Source material>
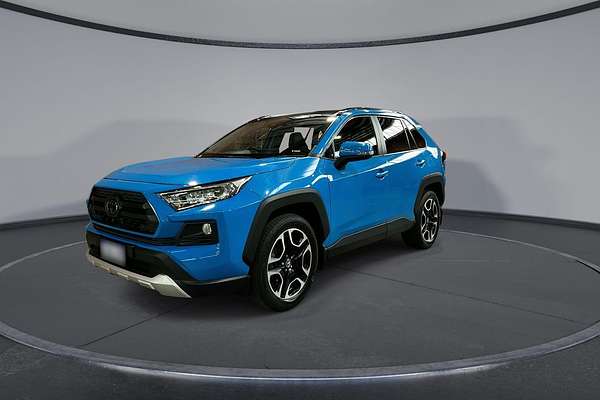 2020 Toyota RAV4 Edge AXAA54R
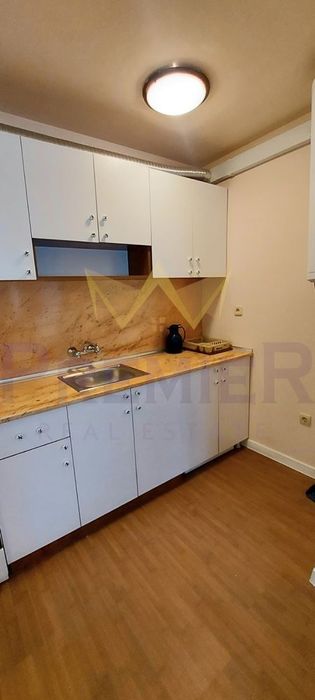 Дава се под наем Двустаен апартамент в к.к. Св.Св. Константин и Елена - 65 кв.м за 51 € - Снимка #4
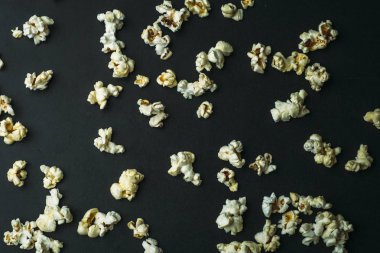 Siyah arka plan, soyut üzerinde patlamış mısır snack arka plan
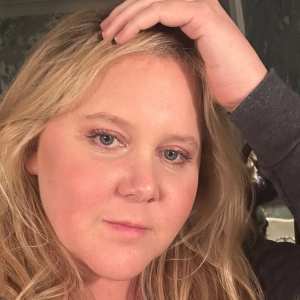 Amy Schumer Shares Fresh-Face Selfie With ‘No Filter’ and ‘No Filler’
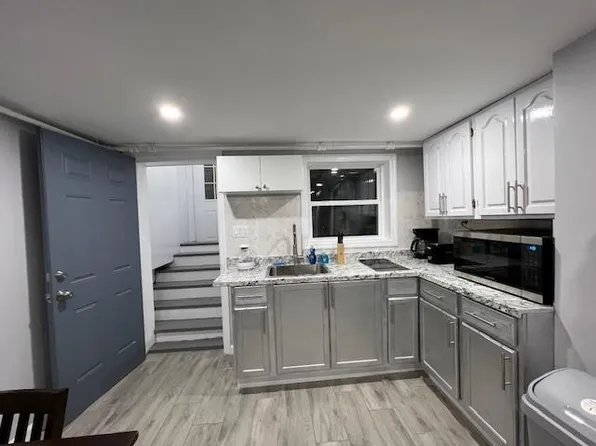 50 College Street image 24 of 31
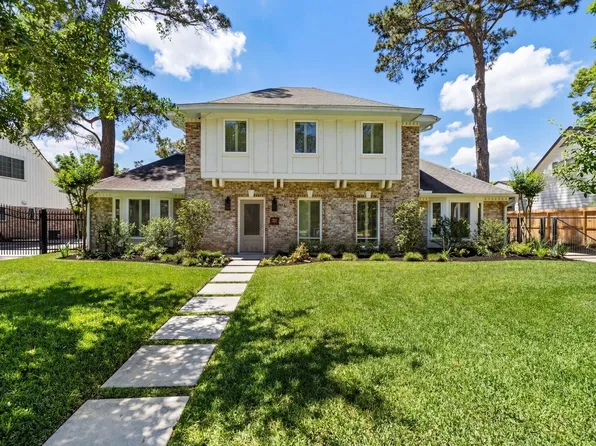 875 Glenchester St, Houston, TX 77079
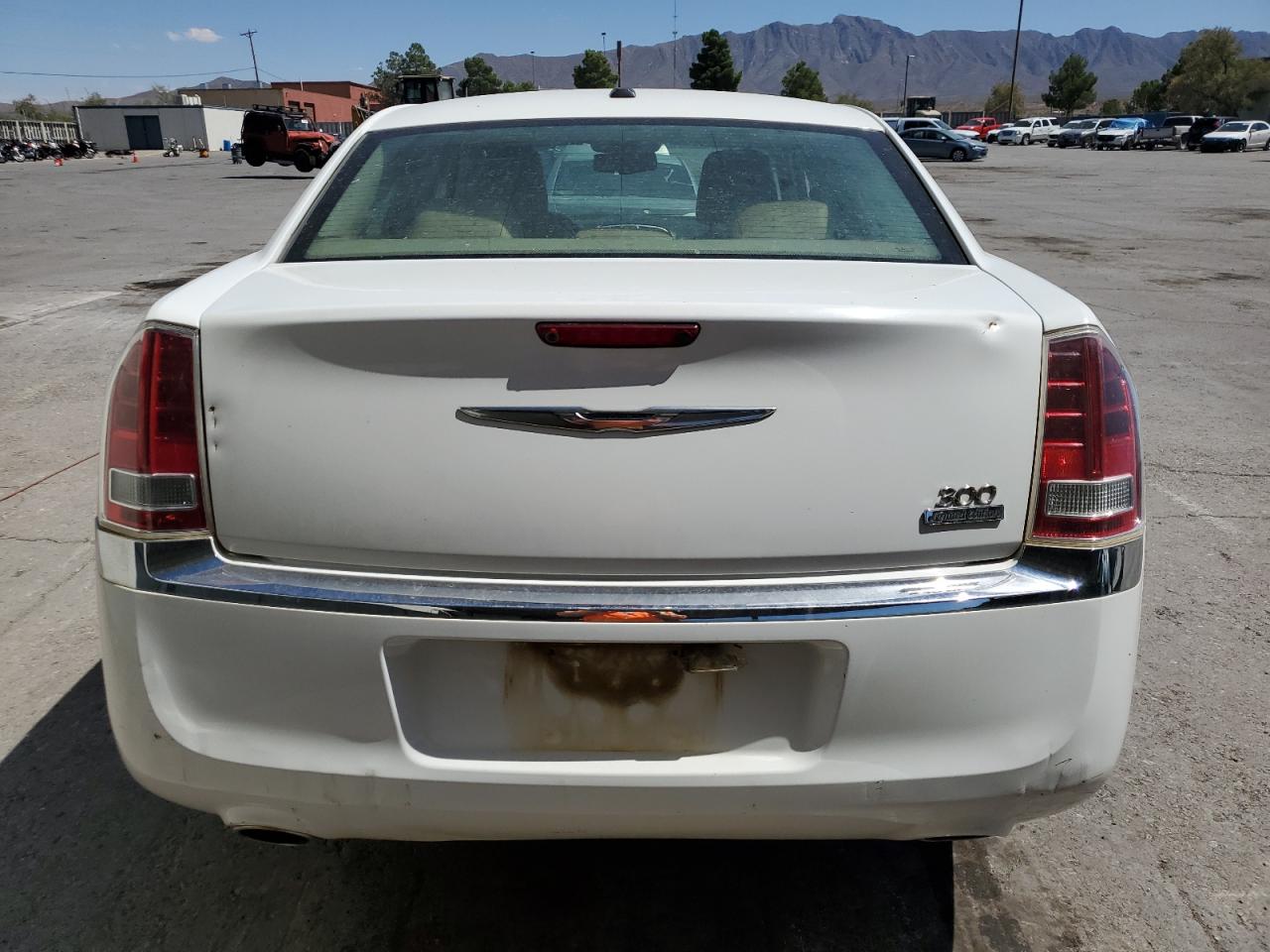 2011 Chrysler 300 Limited VIN: 2C3CA5CG7BH585338 Lot: 68396004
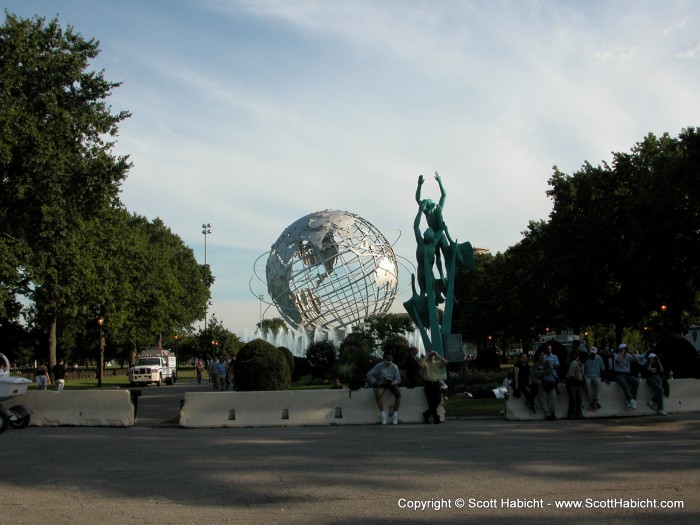 We were early, so we walked around Flushing Meadows and took some pictures.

What you are asked to do>
Each record should be given again exactly, with no picture carried over.

Solution to this problem>
 2020 Toyota RAV4 Edge AXAA54R
 Дава се под наем Двустаен апартамент в к.к. Св.Св. Константин и Елена - 65 кв.м за 51 € - Снимка #4
 Siyah arka plan, soyut üzerinde patlamış mısır snack arka plan
 Amy Schumer Shares Fresh-Face Selfie With ‘No Filter’ and ‘No Filler’
 50 College Street image 24 of 31
 875 Glenchester St, Houston, TX 77079
 2011 Chrysler 300 Limited VIN: 2C3CA5CG7BH585338 Lot: 68396004
 We were early, so we walked around Flushing Meadows and took some pictures.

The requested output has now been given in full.